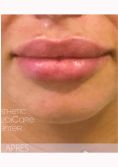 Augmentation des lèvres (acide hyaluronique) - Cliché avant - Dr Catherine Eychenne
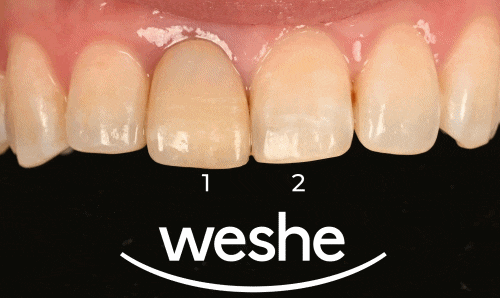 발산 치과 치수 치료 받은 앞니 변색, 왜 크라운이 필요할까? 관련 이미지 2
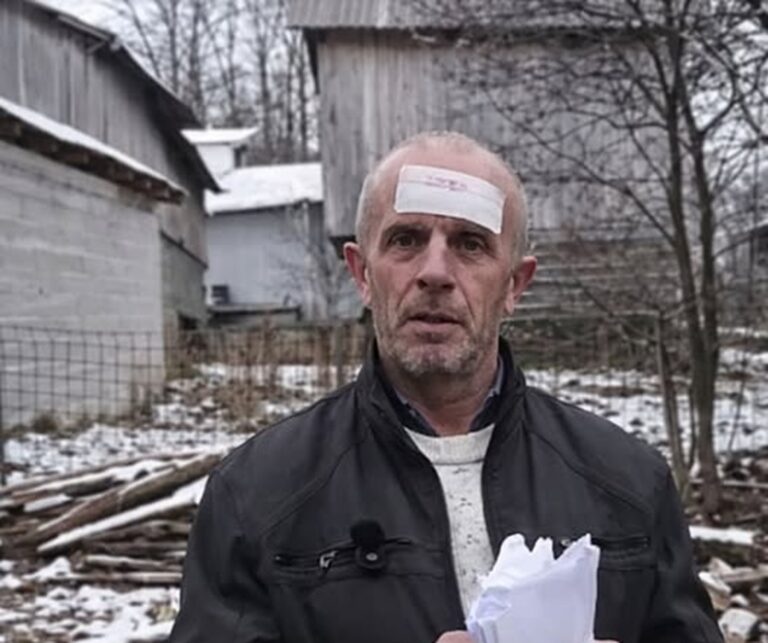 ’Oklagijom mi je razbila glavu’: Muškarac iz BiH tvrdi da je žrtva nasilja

---

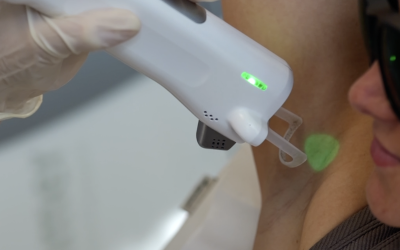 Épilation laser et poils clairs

TASK PROMPT: In the listing above, find the line with "발산 치과 치수 치료 받은 앞니 변색, 왜 크라운이 필요할까? 관련 이미지 2" and the line with "je žrtva nasilja". Copy both of them and every line between, exactly, but not the pictures.

ANSWER:
 발산 치과 치수 치료 받은 앞니 변색, 왜 크라운이 필요할까? 관련 이미지 2
 ’Oklagijom mi je razbila glavu’: Muškarac iz BiH tvrdi da je žrtva nasilja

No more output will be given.